The best part about studying abroad? The people you meet. Photo: Ben Mack

The list of people who I’d like to thank could literally fill an entire novel, but to name just a few I’d especially like to thank University Studies Abroad Consortium (USAC) for helping me realize my dream of going abroad, Lennart and Katrin Nordmark (my host parents) for helping create a home away from home (not to mention providing more “cultural experiences” than I can count), Karin Siöö and the rest of the International Office at Linnaeus University, Professor Jerald Catt-Oliason for teaching me to remember to listen, Katrin Ruffing for inspiring me to go abroad and being such a gracious host when I visited Germany, Jana Lepple and Clementine Monet for also inspiring me to cross the Atlantic, Sari Kiviharju and Sara Vanaikka for giving perspective to things, Foluoso Abbey for helping me see inward, John Harrigan for reminding me that the world is not flat, my parents for all their love and support (both financially and emotionally), my wonderful corridor mates – from both the Fall and Spring semesters – for helping make me feel like part one big, dysfunctional family, Martin Winberg for being my best mate in Sweden and keeping me sane (and for teaching me more than a little Swedish), Julie Blomberg for encouraging me to have faith in myself (not to mention question everything), Corrine Henke and the International Office at Boise State University, Christine Deppe for always being there when I needed to talk to someone, Tamar Amashukeli for helping me see the world through new eyes, Alina Merinscu for being a doppelgänger for so many of my adventures, and of course the people of Sweden for putting up with me for the past year.

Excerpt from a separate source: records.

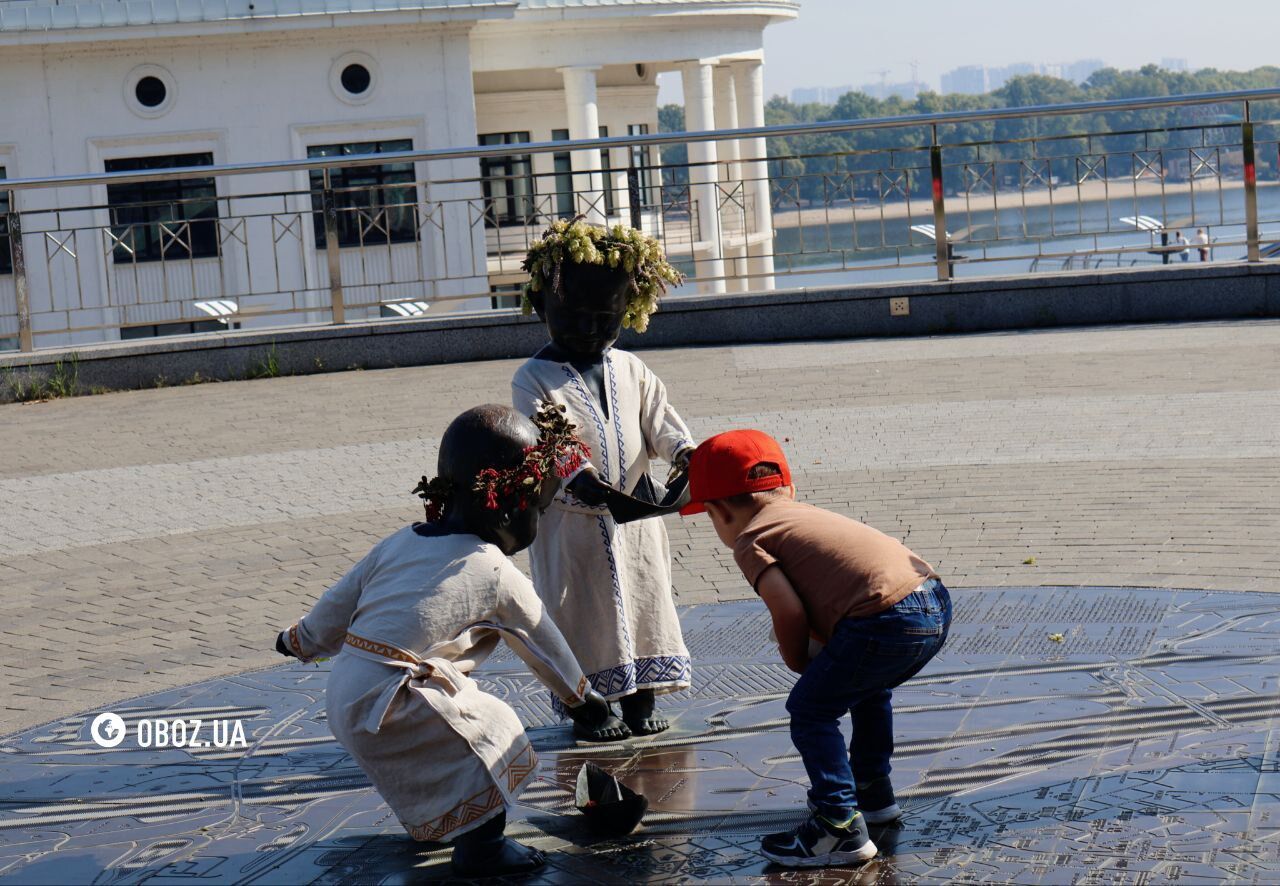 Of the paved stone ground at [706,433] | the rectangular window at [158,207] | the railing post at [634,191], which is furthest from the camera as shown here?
the rectangular window at [158,207]

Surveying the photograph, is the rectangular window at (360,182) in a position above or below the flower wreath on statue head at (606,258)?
above

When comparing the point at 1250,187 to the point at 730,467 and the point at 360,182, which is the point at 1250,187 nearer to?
the point at 730,467

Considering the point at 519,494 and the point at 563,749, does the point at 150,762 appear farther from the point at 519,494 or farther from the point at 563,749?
the point at 519,494

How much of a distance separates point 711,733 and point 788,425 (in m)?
5.22

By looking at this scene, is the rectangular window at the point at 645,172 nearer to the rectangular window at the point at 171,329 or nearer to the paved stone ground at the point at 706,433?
the paved stone ground at the point at 706,433

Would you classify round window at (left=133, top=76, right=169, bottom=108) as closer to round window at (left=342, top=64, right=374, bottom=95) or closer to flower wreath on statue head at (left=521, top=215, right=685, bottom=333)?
round window at (left=342, top=64, right=374, bottom=95)

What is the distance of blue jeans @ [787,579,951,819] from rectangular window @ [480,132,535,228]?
1030 centimetres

For anyone else I neglected to mention, I haven’t forgotten you. I blame human nature for not having the patience to go through all the names. I also want to thank you, readers, for following this blog. Writing for the Swedish Institute has been an incredible, and unique, opportunity, and I’m glad to have shared with you my experiences and tips and tricks for surviving – and thriving – in Sweden. Hopefully you won’t make all the mistakes I did!

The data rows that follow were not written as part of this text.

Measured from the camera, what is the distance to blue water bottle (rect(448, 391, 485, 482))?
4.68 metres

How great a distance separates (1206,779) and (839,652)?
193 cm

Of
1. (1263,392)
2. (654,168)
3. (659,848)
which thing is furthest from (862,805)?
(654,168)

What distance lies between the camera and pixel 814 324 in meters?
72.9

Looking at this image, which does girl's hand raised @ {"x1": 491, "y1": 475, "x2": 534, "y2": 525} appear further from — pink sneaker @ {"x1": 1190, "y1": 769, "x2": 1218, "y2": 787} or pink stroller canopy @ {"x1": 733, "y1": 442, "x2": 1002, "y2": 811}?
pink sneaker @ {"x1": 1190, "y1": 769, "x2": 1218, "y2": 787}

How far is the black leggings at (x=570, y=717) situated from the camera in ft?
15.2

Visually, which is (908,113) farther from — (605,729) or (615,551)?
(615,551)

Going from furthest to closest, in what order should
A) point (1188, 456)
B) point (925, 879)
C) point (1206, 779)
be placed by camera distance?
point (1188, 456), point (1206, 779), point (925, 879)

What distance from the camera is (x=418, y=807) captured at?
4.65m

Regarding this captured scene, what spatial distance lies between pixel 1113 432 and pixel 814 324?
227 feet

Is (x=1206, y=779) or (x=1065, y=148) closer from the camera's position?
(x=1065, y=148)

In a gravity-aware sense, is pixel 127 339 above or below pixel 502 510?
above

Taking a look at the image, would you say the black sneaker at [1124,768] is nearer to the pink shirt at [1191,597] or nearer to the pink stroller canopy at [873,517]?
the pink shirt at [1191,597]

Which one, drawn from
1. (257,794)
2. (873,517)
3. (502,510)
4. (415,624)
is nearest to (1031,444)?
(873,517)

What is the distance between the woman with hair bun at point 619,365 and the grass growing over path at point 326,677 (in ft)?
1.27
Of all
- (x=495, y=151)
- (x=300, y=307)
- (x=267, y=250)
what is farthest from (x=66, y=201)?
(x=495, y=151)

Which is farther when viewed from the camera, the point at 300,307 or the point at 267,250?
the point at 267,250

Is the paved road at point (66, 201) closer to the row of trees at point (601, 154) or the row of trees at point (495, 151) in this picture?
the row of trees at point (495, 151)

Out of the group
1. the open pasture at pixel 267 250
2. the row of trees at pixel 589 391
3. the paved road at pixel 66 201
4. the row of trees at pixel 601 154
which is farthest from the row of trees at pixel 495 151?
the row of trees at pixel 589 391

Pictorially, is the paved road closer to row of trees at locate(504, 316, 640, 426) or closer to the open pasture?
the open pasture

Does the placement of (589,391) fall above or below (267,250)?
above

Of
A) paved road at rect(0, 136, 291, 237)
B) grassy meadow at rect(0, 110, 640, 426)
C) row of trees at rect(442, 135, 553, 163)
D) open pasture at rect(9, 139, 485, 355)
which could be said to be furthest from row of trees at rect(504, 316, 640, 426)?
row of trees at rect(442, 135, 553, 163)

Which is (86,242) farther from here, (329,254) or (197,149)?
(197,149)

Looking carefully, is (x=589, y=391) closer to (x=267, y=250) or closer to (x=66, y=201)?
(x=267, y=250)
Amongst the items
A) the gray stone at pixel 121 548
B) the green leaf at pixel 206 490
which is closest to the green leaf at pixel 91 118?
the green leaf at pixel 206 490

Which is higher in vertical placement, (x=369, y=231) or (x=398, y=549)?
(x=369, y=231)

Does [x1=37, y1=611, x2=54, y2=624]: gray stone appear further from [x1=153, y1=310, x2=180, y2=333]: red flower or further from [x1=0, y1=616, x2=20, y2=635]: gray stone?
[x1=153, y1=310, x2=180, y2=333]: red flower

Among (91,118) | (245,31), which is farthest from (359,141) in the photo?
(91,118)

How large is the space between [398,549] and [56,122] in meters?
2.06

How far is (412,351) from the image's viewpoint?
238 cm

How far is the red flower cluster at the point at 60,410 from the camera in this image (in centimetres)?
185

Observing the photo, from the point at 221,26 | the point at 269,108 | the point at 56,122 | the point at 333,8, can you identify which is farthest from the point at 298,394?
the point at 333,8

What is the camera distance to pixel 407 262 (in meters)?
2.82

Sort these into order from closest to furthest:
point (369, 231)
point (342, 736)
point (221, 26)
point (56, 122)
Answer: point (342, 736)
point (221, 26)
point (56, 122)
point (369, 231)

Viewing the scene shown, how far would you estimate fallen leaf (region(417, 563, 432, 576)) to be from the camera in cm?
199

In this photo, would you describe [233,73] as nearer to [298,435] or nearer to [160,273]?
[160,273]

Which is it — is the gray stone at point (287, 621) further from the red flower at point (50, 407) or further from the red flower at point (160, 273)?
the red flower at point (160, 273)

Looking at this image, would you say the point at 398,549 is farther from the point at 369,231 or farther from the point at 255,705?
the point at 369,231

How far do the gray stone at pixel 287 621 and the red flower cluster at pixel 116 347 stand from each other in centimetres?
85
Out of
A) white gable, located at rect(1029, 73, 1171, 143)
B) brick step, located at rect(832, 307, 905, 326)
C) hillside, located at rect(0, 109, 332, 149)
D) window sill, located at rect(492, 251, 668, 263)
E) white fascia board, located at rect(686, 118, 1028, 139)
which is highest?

My immediate plans are simple: in August I will return to Boise State for my senior year, where I will also be working as Opinion Editor of The Arbiter (the university’s student newspaper) and living on-campus in the Global Village Community, a special housing program for international students and those who want to gain new perspectives from them and help them adjust to life in the U.S.

And after that? Who knows?

Maybe I will return to Sweden one day. Perhaps I will never go there again. But whatever the future might hold, I know this: I am better off for having studied in Sweden.

Studying abroad is not merely a physical journey – it is also an academic, cultural, emotional, and spiritual journey. In other words, it is personal. No two people have the exact same experience, and no two people reach the same conclusions afterwards.

But what exactly are those conclusions? No one can really say until one has gone abroad, and even then there’s no guarantee conclusions will ever be reached. It is an enigma of a most individual nature.

The Swedish sunset is one of many things I'll miss. Photo: Anne Balonier

I am not a celebrity. I have not been, and probably never will be, President of the United States. I am just an ordinary, average person who has had an extraordinary experience. But so, why then, am I bothering to write this? The answer to that is simple.

By studying abroad, you will gain an increased appreciation for the interdependency of the world today, the commonality we all share as human beings

While no one else will ever have the exact same experiences I have, studying abroad is nonetheless something that is more attainable today than at any other moment in history.

If you do decide to go abroad, dear reader, Sweden is an ideal location. I think my blog posts, and those by fellow student blogger Kristin Follis and other bloggers at the Swedish Institute, speak for themselves as to the reasons.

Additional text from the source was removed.